- **Work order**: A letter-for-letter copy of the listing is required, with no pictures in it.

- **Given information**:
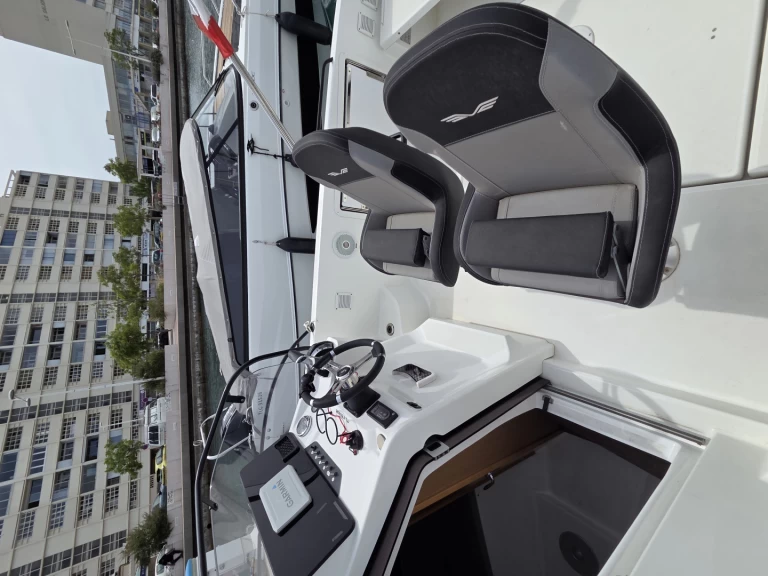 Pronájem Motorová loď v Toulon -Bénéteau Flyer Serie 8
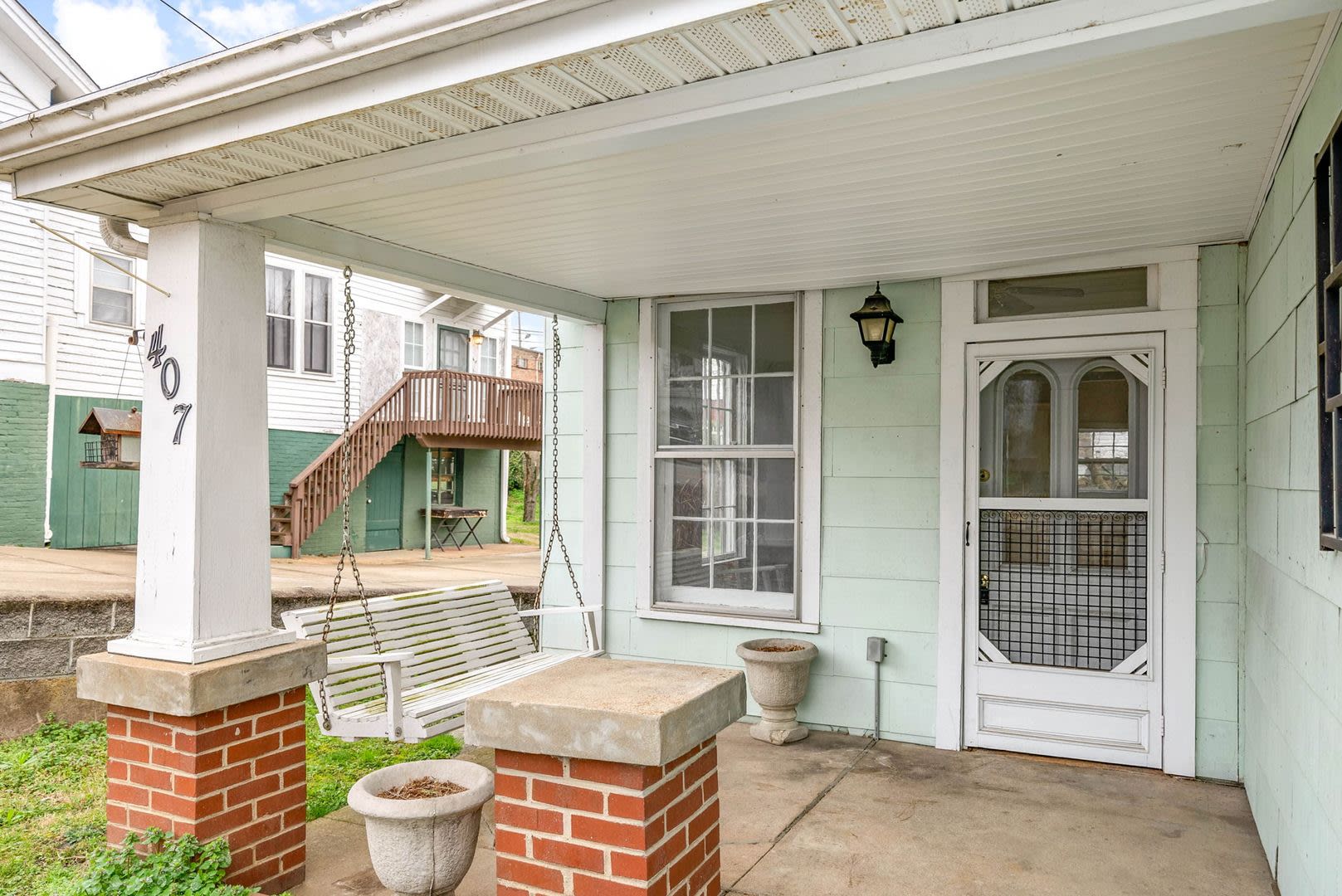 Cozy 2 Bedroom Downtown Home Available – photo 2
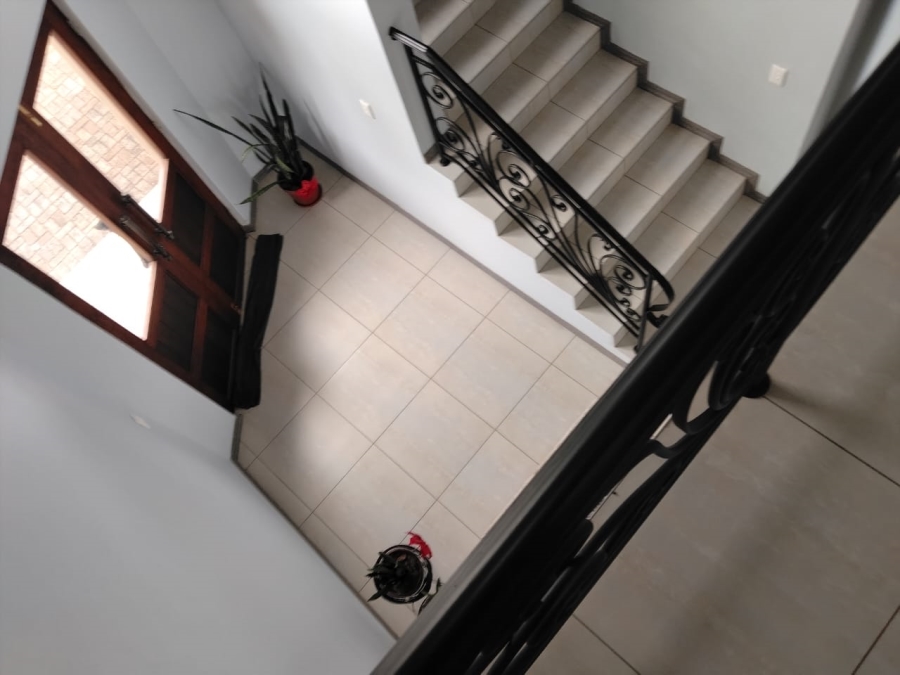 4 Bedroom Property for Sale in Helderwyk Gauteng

- **Solution to this task**:
 Pronájem Motorová loď v Toulon -Bénéteau Flyer Serie 8
 Cozy 2 Bedroom Downtown Home Available – photo 2
 4 Bedroom Property for Sale in Helderwyk Gauteng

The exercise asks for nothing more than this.